Sola, mi mamá siguió con el puesto. No dejó de trabajar en la paca, ni porque mi papá ya había encontrado empleo. A ella le gustaba la idea de tener su propio negocio, pero más le gustaba tener independencia económica. Autoemplearse le dejó una gran lección a mi madre, una que la llevó a transformarse en la mujer autosuficiente que es ahora.

A mediados de 1997, mi mamá tuvo que dejar su puesto. “Me operaron y ya no podía cargar, o empujar, entonces tuve que salirme de ahí”, explica.
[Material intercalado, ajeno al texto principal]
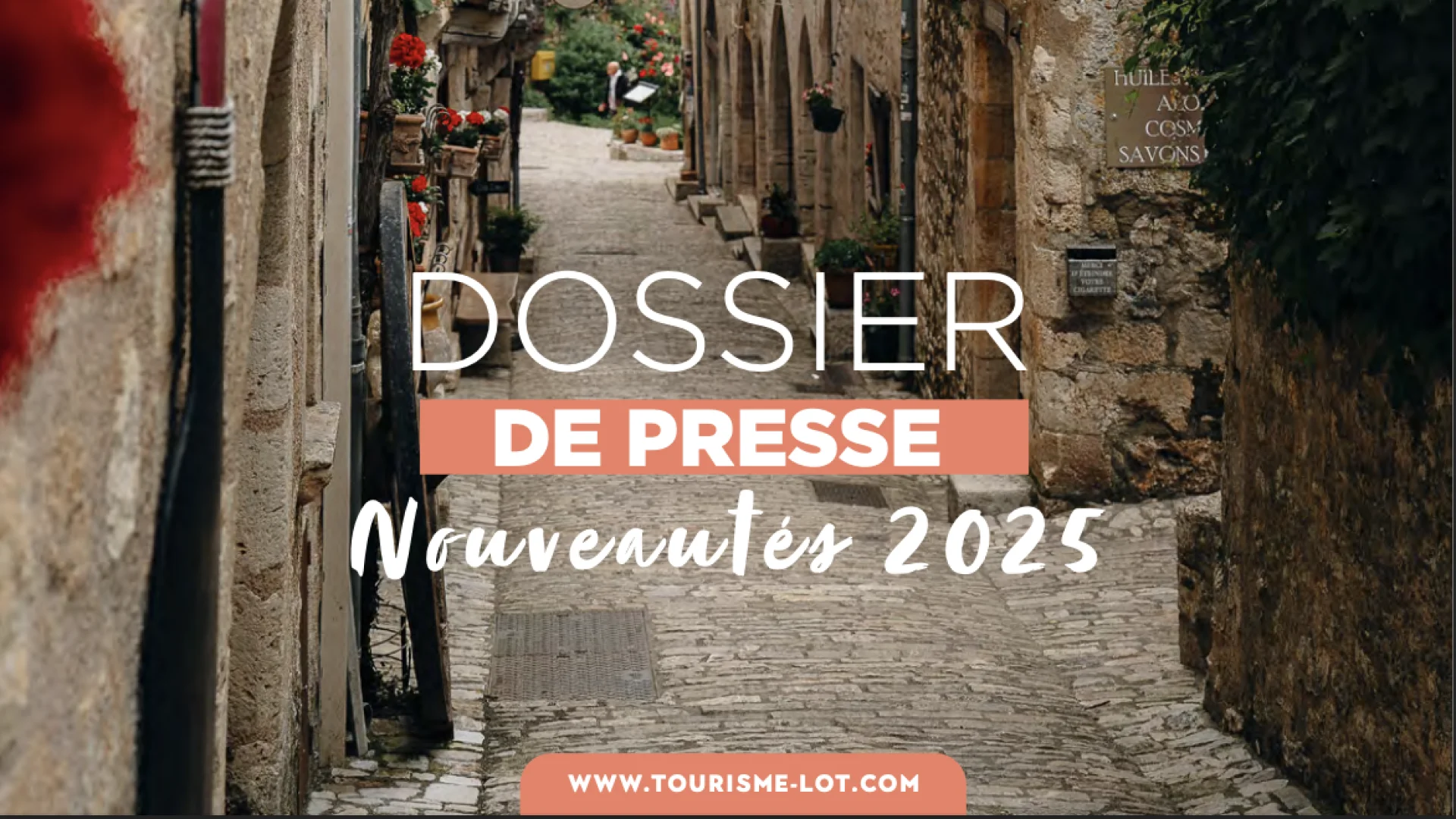 241211 Couv Dp Nouveautes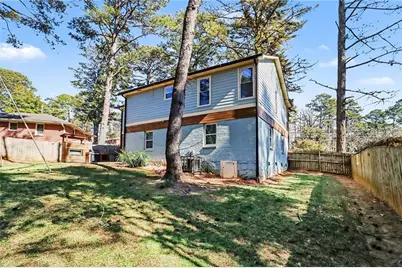 1997 Glendale Drive, Decatur, GA 30032 - Photo 45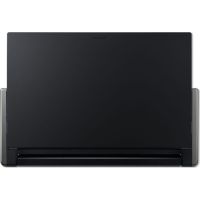 Ноутбук Acer ConceptD 9 CN917-71 (NX.C4LEU.003) изображение 10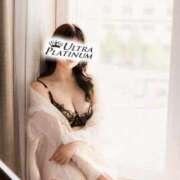 ヒメ日記 2025/09/14 01:01 投稿 源らん ウルトラプラチナム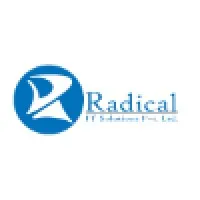 Radical IT Solutions Pvt Ltd Radical IT Solutions Pvt Ltd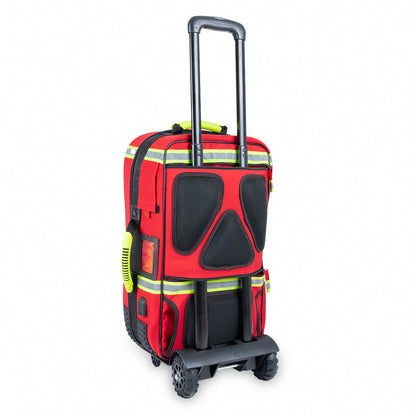 EMERAIR's Emergency Bag for Advance Life Support (ALS)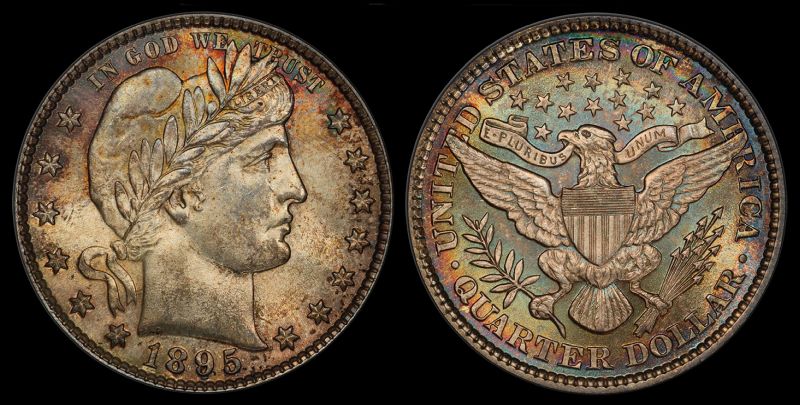 Around-The-World-With-Coins---A-Coin-Geography-Game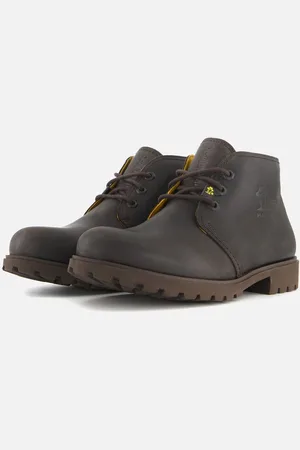 Panama Jack Bota Panama C3 Veterboots Heren - - Maat 47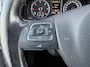 Volkswagen Transporter 2.0 TDI L2H1 DC Comfortline ✓Marge ✓Automaat ✓5 persoons ✓Rijklaarprijs ✓Bi-Xenon ✓Navigatie ✓Parkeersensoren ✓Trekhaak ✓Lichtmetaal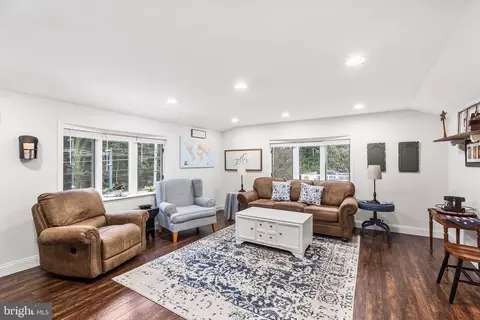 Other - 125 N Rolling Rd, Springfield, PA 19064 photo 5 of 22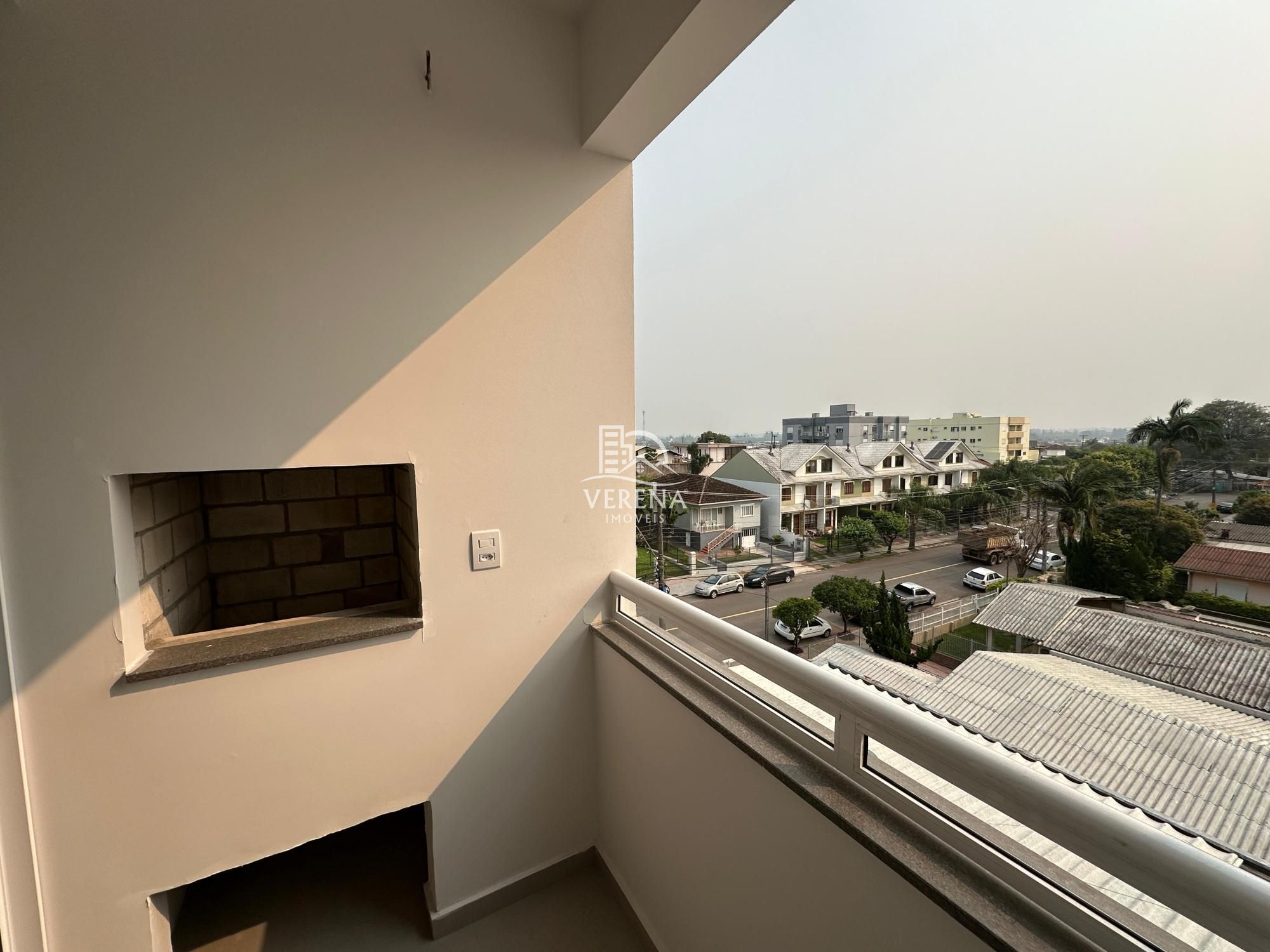 Apartamento, 2 quartos, 67 m² - Foto 6
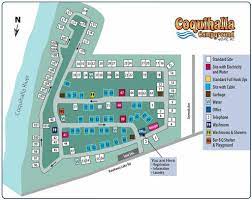 Search and share any place, find your location, ruler for distance measuring. Coquihalla Campground Hope British Columbia Ca Parkadvisor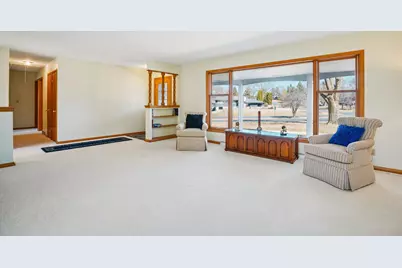 15865  Burleigh Blvd, Brookfield, WI 53005 - Photo 19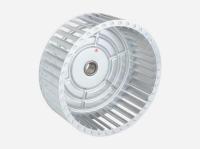 Крыльчатка для горелки Riello 140 x 51.8 мм, 3008952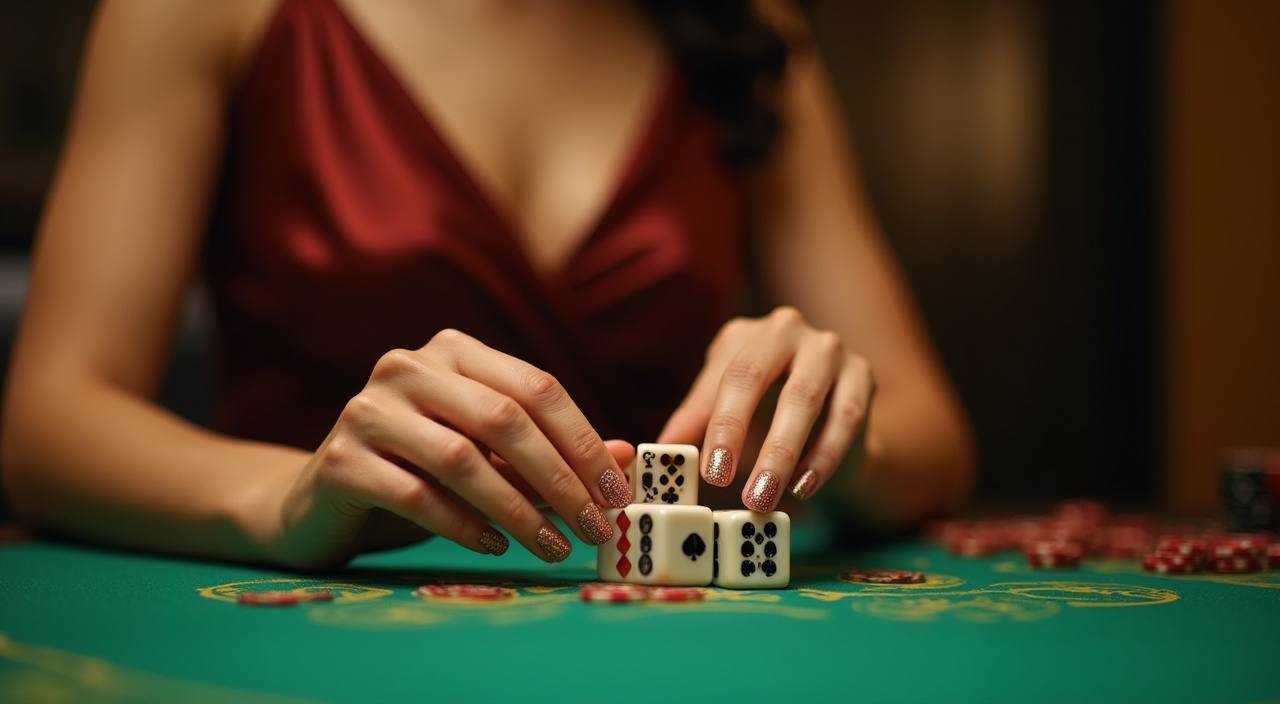 jk8 slot mobile gaming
Después de 24 años, Bety y yo seguimos usando ropa de paca. Seguimos comprando en mercados, tianguis y bazares en línea. Regresamos a estos espacios en los que alguna vez estuvimos, cada una por razones diferentes, y en los que en tiempos de crisis encontramos una opción para vivir dignamente (y digo, encontramos, porque ¡retomé el bazar!).

Ser bazareña, como bien escribe Mercadito Caligari, “es un trabajo bien digno y potente”. Las mujeres que se dedican a la venta de ropa y otros productos soportan o ayudan a la economía familiar. Es una labor que, quienes la critican, no tienen idea de cuántas personas puede mantener. Tampoco los riesgos que hoy en día implica: trasladarse en metros (hola, ¡acoso policial y de onvres!) ir a esos mercados o lugares a los que pocos quieren ir.

A esto hay que sumarle el no tener prestaciones, seguridad social, remuneración de tiempo u otra seguridad laboral. Por ello, no debe tomarse a la ligera.

Las “nenis” de estos y todos los tiempos ¡son unas chingonas! Apoyen /apoyemos a las nenis locales.